▶ Exercise objective:
Reproduce word for word, from the entries below, the line with "Pronta entrega - Blusa", the line with "Yeimy se entera", and every line between them, and nothing more.

▶ Dataset:
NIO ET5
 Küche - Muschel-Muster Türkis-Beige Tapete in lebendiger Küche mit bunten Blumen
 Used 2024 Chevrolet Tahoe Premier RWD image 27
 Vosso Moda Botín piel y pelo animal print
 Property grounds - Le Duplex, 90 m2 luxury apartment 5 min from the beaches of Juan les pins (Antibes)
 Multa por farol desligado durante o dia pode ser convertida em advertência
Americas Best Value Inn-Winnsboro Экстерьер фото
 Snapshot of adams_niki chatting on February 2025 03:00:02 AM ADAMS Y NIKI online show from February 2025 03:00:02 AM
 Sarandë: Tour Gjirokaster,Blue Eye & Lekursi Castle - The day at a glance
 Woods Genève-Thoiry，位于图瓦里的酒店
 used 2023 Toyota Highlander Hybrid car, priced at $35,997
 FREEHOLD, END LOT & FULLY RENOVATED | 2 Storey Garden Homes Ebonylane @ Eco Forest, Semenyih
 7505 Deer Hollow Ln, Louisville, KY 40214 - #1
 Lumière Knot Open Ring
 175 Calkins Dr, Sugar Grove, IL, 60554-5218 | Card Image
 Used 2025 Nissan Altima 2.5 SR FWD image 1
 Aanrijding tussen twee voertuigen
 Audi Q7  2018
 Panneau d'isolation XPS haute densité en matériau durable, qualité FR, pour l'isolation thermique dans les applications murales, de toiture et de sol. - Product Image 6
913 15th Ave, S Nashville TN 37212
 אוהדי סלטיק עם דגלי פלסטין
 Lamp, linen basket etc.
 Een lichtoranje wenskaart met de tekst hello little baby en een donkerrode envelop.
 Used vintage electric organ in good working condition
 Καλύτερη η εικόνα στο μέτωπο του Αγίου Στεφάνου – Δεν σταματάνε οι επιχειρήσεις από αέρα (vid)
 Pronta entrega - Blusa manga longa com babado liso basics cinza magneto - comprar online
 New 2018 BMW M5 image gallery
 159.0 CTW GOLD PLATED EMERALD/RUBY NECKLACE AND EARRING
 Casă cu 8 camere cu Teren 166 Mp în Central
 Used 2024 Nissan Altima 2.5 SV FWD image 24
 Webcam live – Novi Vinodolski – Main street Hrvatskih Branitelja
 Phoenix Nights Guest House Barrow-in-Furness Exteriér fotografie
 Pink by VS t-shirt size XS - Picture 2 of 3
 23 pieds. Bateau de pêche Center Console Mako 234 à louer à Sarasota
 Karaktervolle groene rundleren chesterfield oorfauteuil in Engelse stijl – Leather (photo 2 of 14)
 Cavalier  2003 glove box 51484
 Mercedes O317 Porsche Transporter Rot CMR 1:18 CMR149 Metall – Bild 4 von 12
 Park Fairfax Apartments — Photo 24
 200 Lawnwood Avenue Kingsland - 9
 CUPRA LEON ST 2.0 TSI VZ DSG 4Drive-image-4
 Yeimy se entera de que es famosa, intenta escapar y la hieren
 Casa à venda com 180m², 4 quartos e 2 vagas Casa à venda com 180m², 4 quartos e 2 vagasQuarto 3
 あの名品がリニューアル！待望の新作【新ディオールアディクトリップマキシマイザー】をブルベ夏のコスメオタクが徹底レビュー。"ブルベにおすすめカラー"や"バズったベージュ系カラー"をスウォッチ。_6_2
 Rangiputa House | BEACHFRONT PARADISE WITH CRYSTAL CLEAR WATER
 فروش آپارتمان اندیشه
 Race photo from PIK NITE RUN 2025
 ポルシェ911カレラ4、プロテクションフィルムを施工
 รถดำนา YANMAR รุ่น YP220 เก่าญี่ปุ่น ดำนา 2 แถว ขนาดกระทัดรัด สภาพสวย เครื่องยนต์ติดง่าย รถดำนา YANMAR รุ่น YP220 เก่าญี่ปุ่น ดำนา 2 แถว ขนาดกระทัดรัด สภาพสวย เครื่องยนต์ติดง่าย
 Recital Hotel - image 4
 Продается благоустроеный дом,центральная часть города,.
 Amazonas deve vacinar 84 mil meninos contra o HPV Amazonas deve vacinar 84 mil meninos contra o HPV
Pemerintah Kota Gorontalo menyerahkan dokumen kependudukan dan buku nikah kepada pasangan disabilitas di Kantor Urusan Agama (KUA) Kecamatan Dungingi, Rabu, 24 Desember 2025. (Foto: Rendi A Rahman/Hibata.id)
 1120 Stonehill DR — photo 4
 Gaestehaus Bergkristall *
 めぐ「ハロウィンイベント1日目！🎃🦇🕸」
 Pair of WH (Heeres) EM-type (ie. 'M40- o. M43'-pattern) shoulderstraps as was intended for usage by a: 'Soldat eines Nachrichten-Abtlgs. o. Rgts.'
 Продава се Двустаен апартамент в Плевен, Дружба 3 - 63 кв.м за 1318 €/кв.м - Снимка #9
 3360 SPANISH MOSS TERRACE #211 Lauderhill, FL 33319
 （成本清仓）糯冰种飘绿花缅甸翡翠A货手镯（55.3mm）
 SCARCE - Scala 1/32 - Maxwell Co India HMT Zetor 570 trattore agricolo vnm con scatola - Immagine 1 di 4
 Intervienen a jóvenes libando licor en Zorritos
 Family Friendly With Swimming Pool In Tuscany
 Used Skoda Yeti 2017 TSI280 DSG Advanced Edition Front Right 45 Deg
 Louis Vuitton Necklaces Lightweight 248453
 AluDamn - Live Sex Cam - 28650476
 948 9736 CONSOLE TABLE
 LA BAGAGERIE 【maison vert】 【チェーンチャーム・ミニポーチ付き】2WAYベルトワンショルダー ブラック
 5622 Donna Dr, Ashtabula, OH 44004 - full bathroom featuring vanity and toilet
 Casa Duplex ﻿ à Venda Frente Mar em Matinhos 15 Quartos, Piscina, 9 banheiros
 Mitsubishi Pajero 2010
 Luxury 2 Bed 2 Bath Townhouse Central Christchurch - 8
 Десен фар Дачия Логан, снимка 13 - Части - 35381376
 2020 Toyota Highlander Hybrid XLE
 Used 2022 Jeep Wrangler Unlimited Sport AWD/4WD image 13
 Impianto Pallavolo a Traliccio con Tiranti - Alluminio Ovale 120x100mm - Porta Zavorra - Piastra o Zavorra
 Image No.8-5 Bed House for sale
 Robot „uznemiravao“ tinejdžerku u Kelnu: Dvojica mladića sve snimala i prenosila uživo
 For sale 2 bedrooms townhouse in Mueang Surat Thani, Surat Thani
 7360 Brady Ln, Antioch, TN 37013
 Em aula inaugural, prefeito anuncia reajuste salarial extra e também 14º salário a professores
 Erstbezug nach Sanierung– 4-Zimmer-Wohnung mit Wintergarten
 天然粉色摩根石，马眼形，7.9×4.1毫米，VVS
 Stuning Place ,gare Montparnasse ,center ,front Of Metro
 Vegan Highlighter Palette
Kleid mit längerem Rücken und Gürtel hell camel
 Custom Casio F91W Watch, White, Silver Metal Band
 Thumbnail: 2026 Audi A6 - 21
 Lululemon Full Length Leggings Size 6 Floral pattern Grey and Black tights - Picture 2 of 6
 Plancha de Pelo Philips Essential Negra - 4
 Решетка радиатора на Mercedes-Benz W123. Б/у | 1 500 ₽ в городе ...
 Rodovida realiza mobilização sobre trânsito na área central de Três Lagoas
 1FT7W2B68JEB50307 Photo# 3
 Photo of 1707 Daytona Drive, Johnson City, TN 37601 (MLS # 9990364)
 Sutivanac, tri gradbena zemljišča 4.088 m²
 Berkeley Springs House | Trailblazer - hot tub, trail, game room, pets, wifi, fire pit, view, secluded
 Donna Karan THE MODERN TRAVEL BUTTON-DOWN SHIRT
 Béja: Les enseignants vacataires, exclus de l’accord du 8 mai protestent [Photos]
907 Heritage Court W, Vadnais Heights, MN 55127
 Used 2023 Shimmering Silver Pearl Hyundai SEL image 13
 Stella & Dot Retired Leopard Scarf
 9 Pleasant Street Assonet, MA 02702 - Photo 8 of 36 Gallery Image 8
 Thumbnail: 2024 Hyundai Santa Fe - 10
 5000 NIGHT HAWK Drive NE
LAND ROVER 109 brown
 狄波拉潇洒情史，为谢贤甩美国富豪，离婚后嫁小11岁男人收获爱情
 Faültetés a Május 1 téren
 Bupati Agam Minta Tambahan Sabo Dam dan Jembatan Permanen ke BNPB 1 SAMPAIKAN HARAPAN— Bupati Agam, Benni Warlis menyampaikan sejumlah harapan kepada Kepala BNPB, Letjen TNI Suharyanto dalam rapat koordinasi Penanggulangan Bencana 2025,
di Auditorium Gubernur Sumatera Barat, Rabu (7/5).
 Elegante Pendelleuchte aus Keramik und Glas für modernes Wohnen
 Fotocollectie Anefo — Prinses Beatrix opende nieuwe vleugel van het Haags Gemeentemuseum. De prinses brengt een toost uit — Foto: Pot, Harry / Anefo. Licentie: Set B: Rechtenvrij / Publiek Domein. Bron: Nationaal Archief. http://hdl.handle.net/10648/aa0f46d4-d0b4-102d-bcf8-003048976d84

▶ Output of the exercise:
 Pronta entrega - Blusa manga longa com babado liso basics cinza magneto - comprar online
 New 2018 BMW M5 image gallery
 159.0 CTW GOLD PLATED EMERALD/RUBY NECKLACE AND EARRING
 Casă cu 8 camere cu Teren 166 Mp în Central
 Used 2024 Nissan Altima 2.5 SV FWD image 24
 Webcam live – Novi Vinodolski – Main street Hrvatskih Branitelja
 Phoenix Nights Guest House Barrow-in-Furness Exteriér fotografie
 Pink by VS t-shirt size XS - Picture 2 of 3
 23 pieds. Bateau de pêche Center Console Mako 234 à louer à Sarasota
 Karaktervolle groene rundleren chesterfield oorfauteuil in Engelse stijl – Leather (photo 2 of 14)
 Cavalier  2003 glove box 51484
 Mercedes O317 Porsche Transporter Rot CMR 1:18 CMR149 Metall – Bild 4 von 12
 Park Fairfax Apartments — Photo 24
 200 Lawnwood Avenue Kingsland - 9
 CUPRA LEON ST 2.0 TSI VZ DSG 4Drive-image-4
 Yeimy se entera de que es famosa, intenta escapar y la hieren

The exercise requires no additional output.